You can control almost everything, and if you can’t technically control it you’ll do everything in your power to try. You work constantly to make sure every single situation, interaction and social gathering is exactly the way you planned it out in your head. When anything is out of your control even in the slightest, if it strays mildly from the way you planned it, you panic. So, when you fall in love when your mind and your heart falls quickly without any promise of a stable landing your first instinct is to panic.
For your entire life, you’ve been able to control every situation you find yourself in. You’ve planned it out in your head and ran through the scenario a thousand times so nothing could possibly surprise you. Falling in love, however, is unpredictable. Your feelings consume you, and no matter how tightly you attempt to grip the situation, to neutralize your emotions, all efforts fail. You can’t control it. This wasn’t written down in your agenda, you didn’t plan to meet the love of your life at this moment and to be honest, it’s kind of messing with all of the plans you had made.
You’ve probably thought it over and over again; when you’re 24 you’ll start dating someone seriously, by 26 or so you’ll be engaged, by 27 you’ll be married, and kids are the one thing you leave a little wiggle room on. Or, you chose to write off a relationship all together to avoid the lack of control. Now, you’re 20 years old in your second year of college and someone you met in your computer science class or at a party that you almost didn’t attend completely ripped you out of your element. Suddenly, you're completely consumed by this person and for a moment you start to loosen your grip.
Things are looking up for you in a way that you weren’t expecting. You’re happier than you’ve ever been and the promises that this new love offers makes you feel like a new person. Then you have your first fight and the opportunity to ruin everything is right in front of you. Now, anyone “normal” wouldn’t even consider the option to give up the best thing in their life, but the idea seems pretty enticing to you. Why? Because finally, for the first time you have some control.
The hardest part about being in love isn’t just that you can’t control it, it’s that the only thing you can control is whether or not you walk away or even more commonly, whether or not you push them away. So you do just that, you push them away because it’s the only solid grip you have on this phenomenon because you have a chance to find the rhythm you once had. And no one seems to understand it, why you push them away, and for a while, you don’t even realize you’re doing it.
For a while, you find an excuse as to why you did it. If they really cared they would’ve fought for you, you had every reason to react the way you did in that particular situation, it just wasn’t meant to be. But not long after, a lump begins to manifest in the base of your throat. You miss them, but you’ve already micromanaged the situation right into the ground. Sure, you can apologize, but what happens if they say no?

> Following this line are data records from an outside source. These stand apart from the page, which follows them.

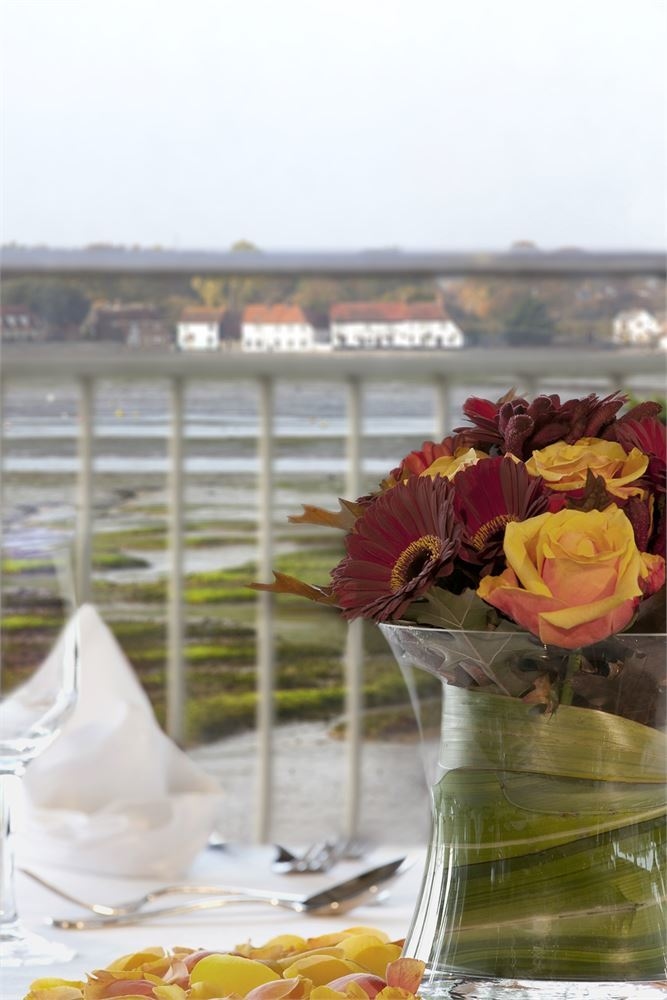 Photo of The Langstone Hotel, Exclusive Hire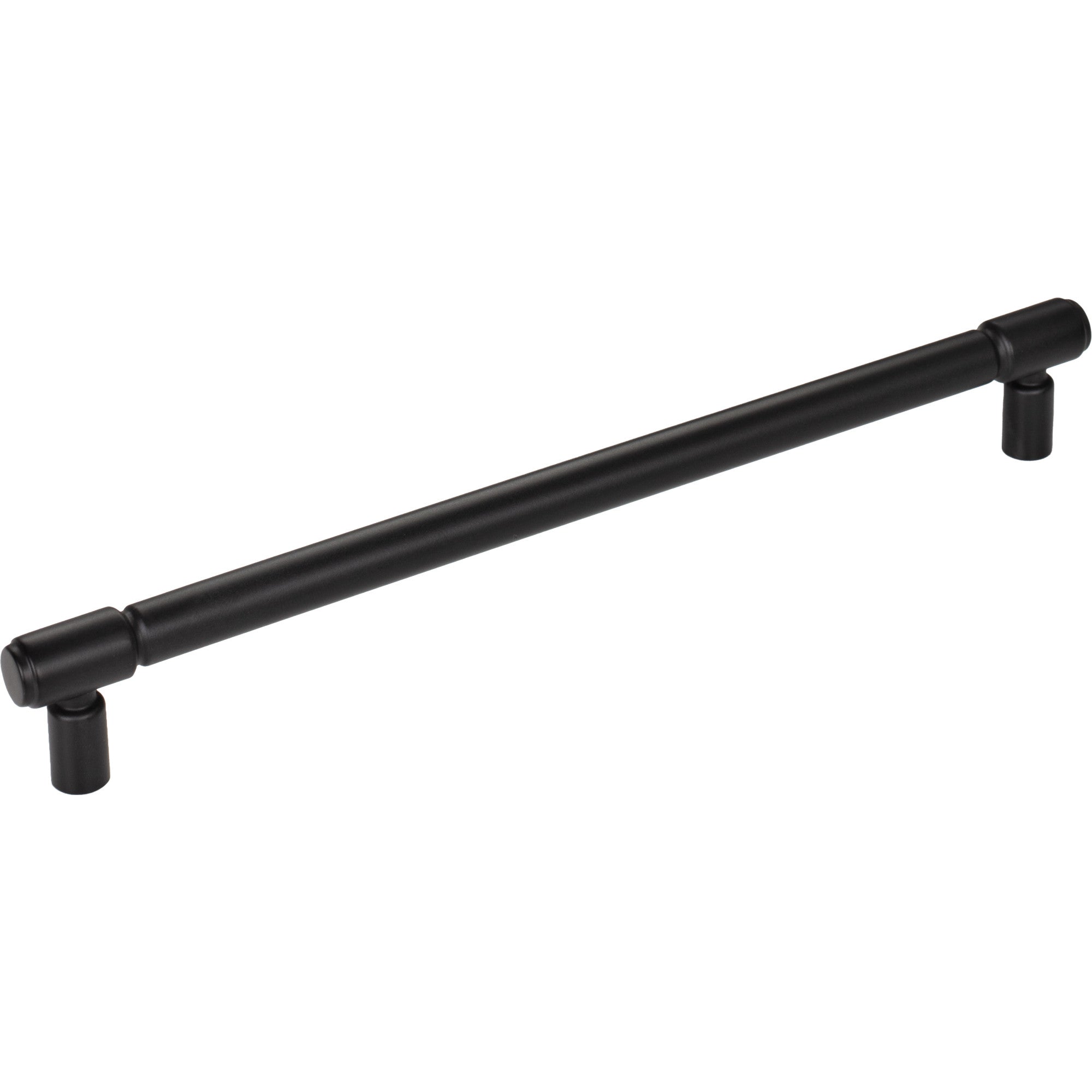 Clarence Bar Pull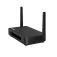 Vogels 25008486 Mediaplayer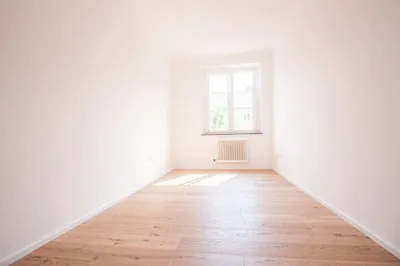 4-Zimmer-Wohnung mieten in Wien – 83 m², € 1.595 – Bild 14 von 16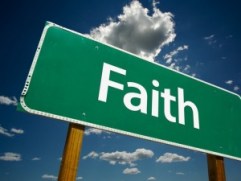 faith-spirit-of-faith3-300x225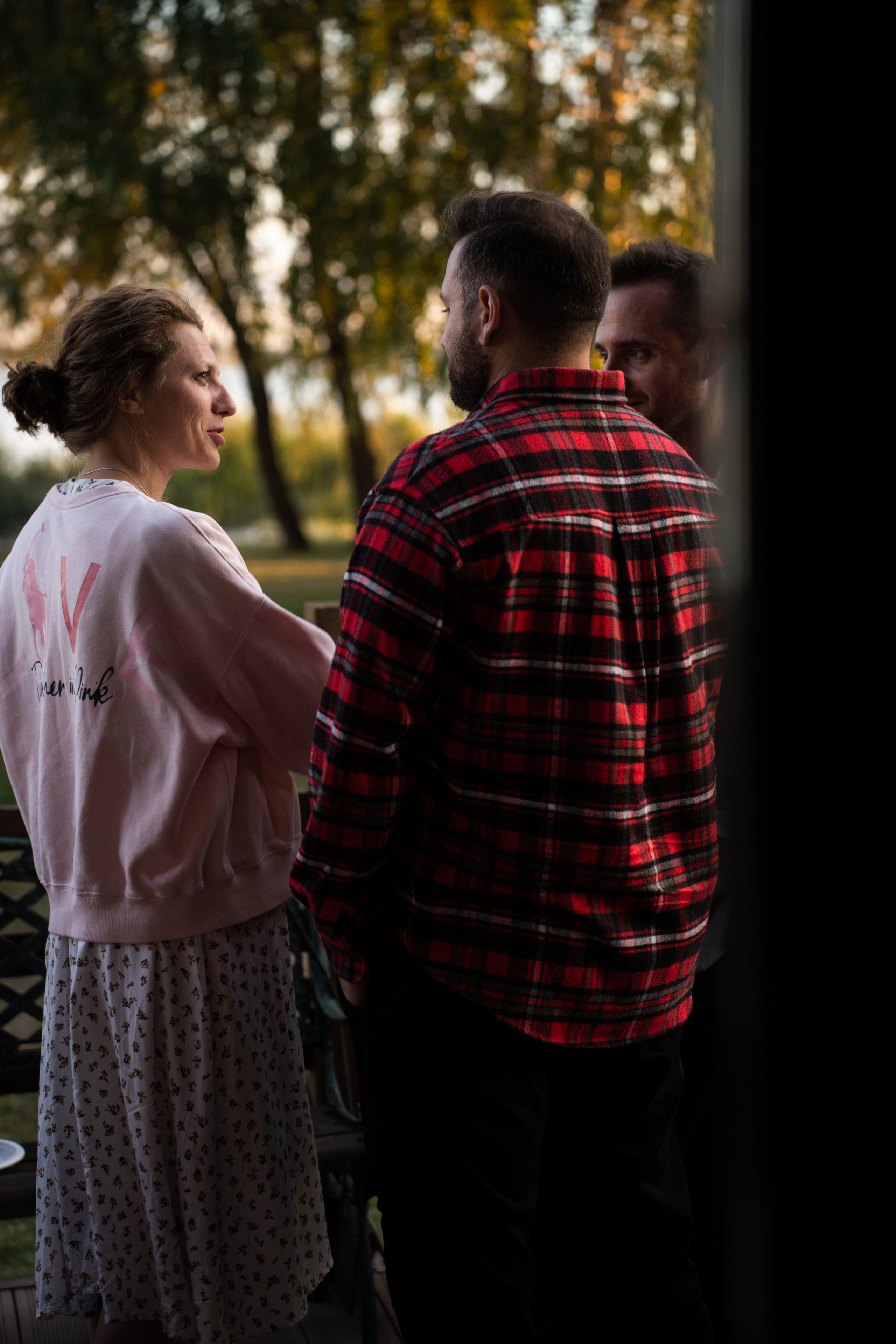 Юля&Сережа. Фотограф, Видеограф Новосибирск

You can’t plan for all of the potential scenarios when it comes to forgiveness, to human connection, so that option is out the window. What do you do? You wait for the lump to pass and you move on. But what if you can’t? What if they’re it for you?

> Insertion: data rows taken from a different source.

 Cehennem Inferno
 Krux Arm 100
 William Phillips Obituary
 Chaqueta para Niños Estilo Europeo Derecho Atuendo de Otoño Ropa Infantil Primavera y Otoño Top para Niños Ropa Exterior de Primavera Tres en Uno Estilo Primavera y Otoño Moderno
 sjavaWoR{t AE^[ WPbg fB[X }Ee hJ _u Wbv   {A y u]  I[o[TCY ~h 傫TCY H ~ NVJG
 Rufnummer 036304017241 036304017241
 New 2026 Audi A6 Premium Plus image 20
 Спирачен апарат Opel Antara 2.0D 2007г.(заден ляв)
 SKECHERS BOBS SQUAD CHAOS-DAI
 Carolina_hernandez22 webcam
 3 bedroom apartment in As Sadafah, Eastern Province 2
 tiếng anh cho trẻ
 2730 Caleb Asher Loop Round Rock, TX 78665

You can’t control everything, especially in love. When you finally come to terms with that fact, things become clearer but they don’t come easier. You can apologize and hope for the best, but their forgiveness in that moment is half the battle. There will be other fights, other moments to sabotage for the sake of strangling the situation, but you have to fight that urge.

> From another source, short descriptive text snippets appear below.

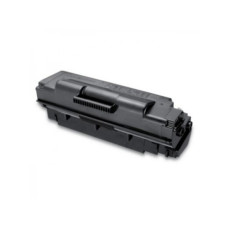 Premium Economy Toner Cartridge (20000 pagini) Samsung ML-4510, ML-4510ND, ML-5000, ML-5010ND, ML-5015ND Premium Economy Toner Cartridge (20000 pagini) Samsung ML-4510, ML-4510ND, ML-5000, ML-5010ND, ML-5015ND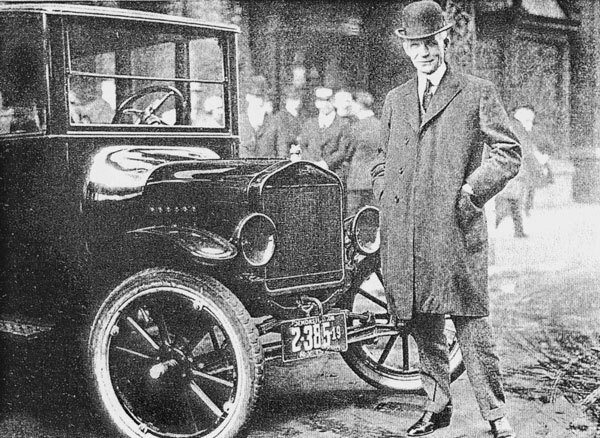 100 великих рекордов в мире автомобилей - i_018.jpg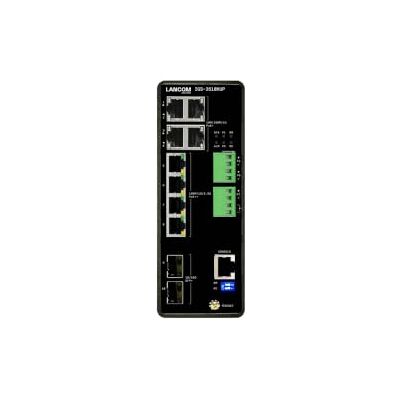 Lancom IGS-3510XUP (61912) Lancom IGS-3510XUP (61912)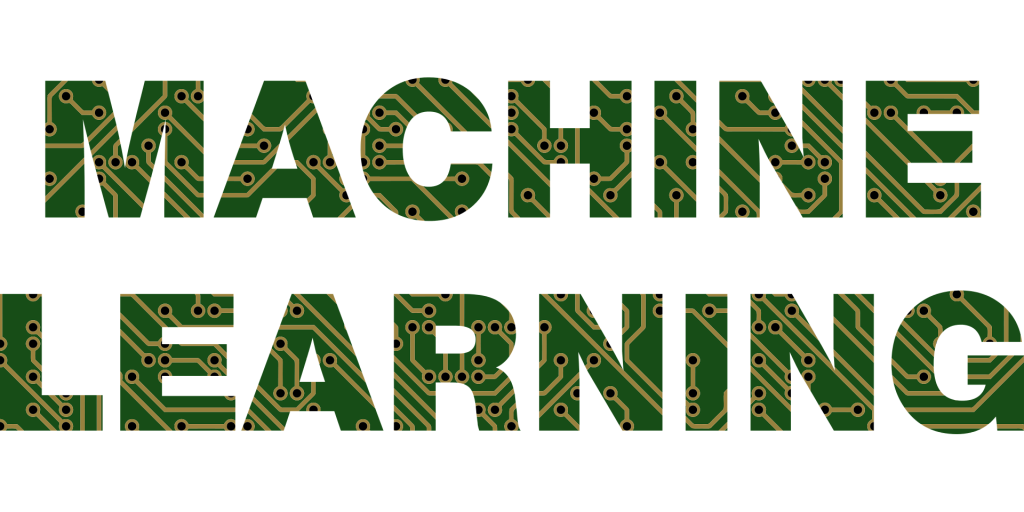 image5.png image5.png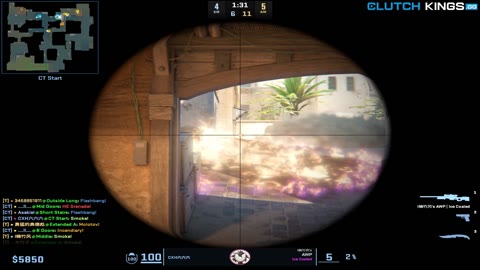 Clip #99737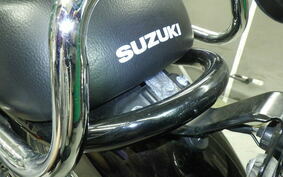 SUZUKI ST250E NJ4CA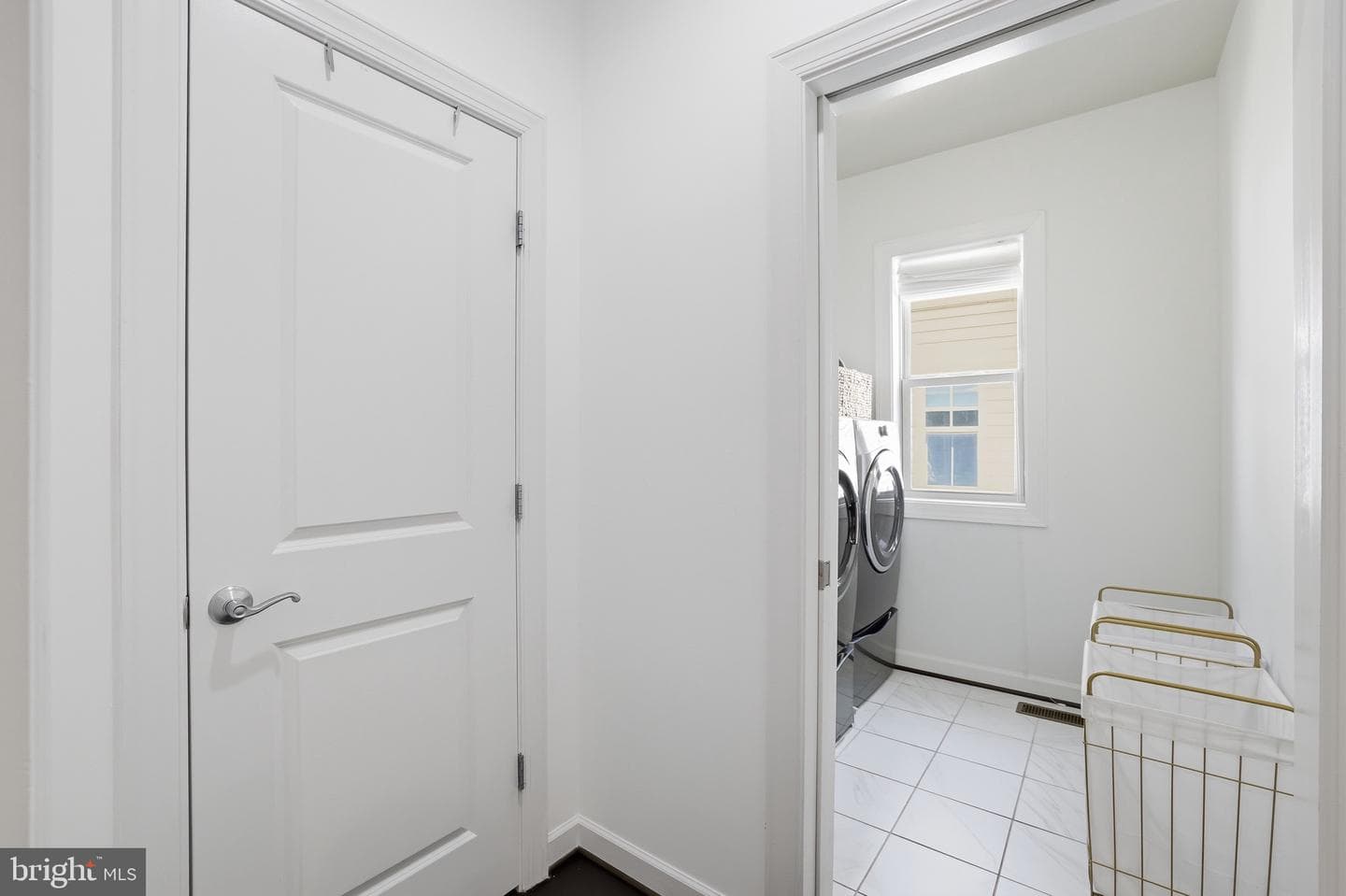 20623 Holyoke Drive photo 45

You have to accept that you can’t control every situation, you can’t control love and you shouldn’t try. There will always be aspects of your life that you can control, things you can plan until your brain turns to mush but love is not one of them, and though it may seem impossible to accept the lack of control, it gets easier with time. Eventually, you won’t want to start fights, you won’t overanalyze every situation, and you won’t try to plan everything out. You’ll still want to control things, that’s just who you are, but your desire to control this uncontrollable thing will begin to fade.